3.3 A Decision Support Tool for Optimal Control of Planet Temperature Using Reinforcement Learning

Monday, 8 January 2018: 2:30 PM
Room 7 (ACC) (Austin, Texas)
Phuong D. Ngo, University of Tromsø (UiT), The Arctic Univ. of Norway, Tromsø, Norway; and M. Tejedor and F. Godtliebsen

Climate change and the rise of the planet temperature can have significant impacts on the natural environment and the human society. Temperature regulation recently becomes an important global issue in order to ensure a sustainable climate environment. A major challenge in controlling the atmospheric temperature is that the process is complex and only approximately known.
This paper proposes a decision making support tool to regulate the planet temperature in the presence of seasonal effects, green house gas fluctuations and measurement noises. Reinforcement-learning algorithm was used to construct the decision support tool. The algorithm learns how to optimally affect the temperature of the planet based on its interaction with the environment through changing carbon dioxide levels. No knowledge of the climate system is required. The decision support tool includes an actor and a critic. By using data from past temperature measurements and carbon dioxide levels, the critic updates the action value function, which is then used by the actor to calculate an optimal carbon dioxide level. A climate model with simulated measurement noises and uncertainties was used to evaluate the performance of the decision support tool. Two scenarios were constructed in the simulations. In the first scenario, the methane level of the planet was increased and fluctuated. Due to the effects of this fluctuation, the atmospheric temperature would be significantly changed and might lead to unstable climate environment on the planet, if no control effort was made. In the second scenario, the planet temperature is assumed to have already been high. An attempt to lower the global temperature was made by following a carbon dioxide profile proposed by the decision support tool.
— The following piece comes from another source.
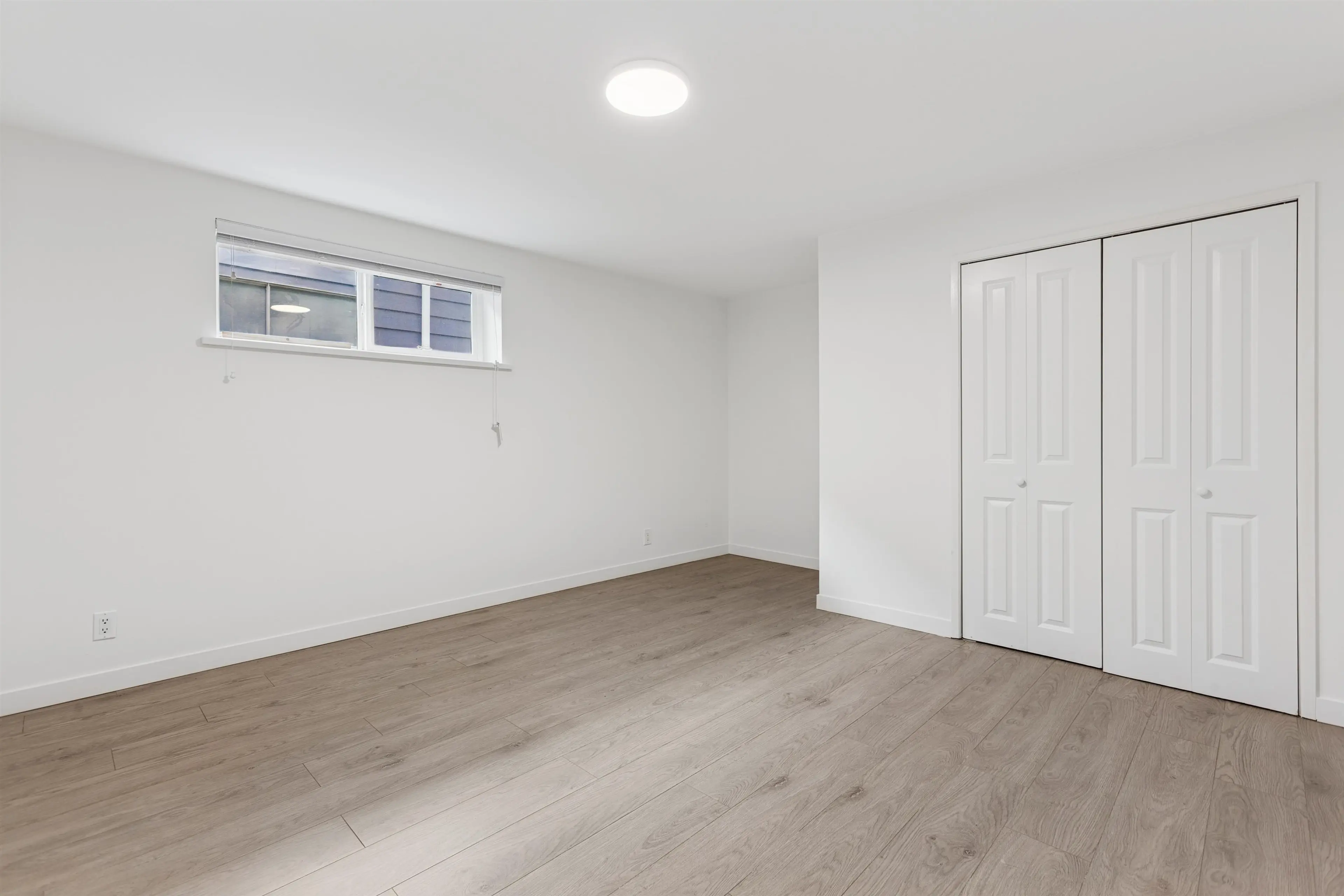 Property at 7477 VIVIAN DRIVE, Vancouver, BC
Simulation results show that the decision support tool optimally adjusted and regulated the planet temperature by minimizing both the error (the difference between the desired and the actual measured temperature) and the change in carbon dioxide level. Even with large rises and falls in global atmospheric methane levels, changes in yearly average temperature of the planet were kept within two degrees Celsius in the closed loop with the decision support tool, compared to six degrees Celsius in the open loop (without using any control algorithm). In the scenario where the planet temperature is initially high, following the decision support tool leads to a smoothly reduction of the temperature to the desired level in approximately six years with the least possible required changes in the carbon dioxide level.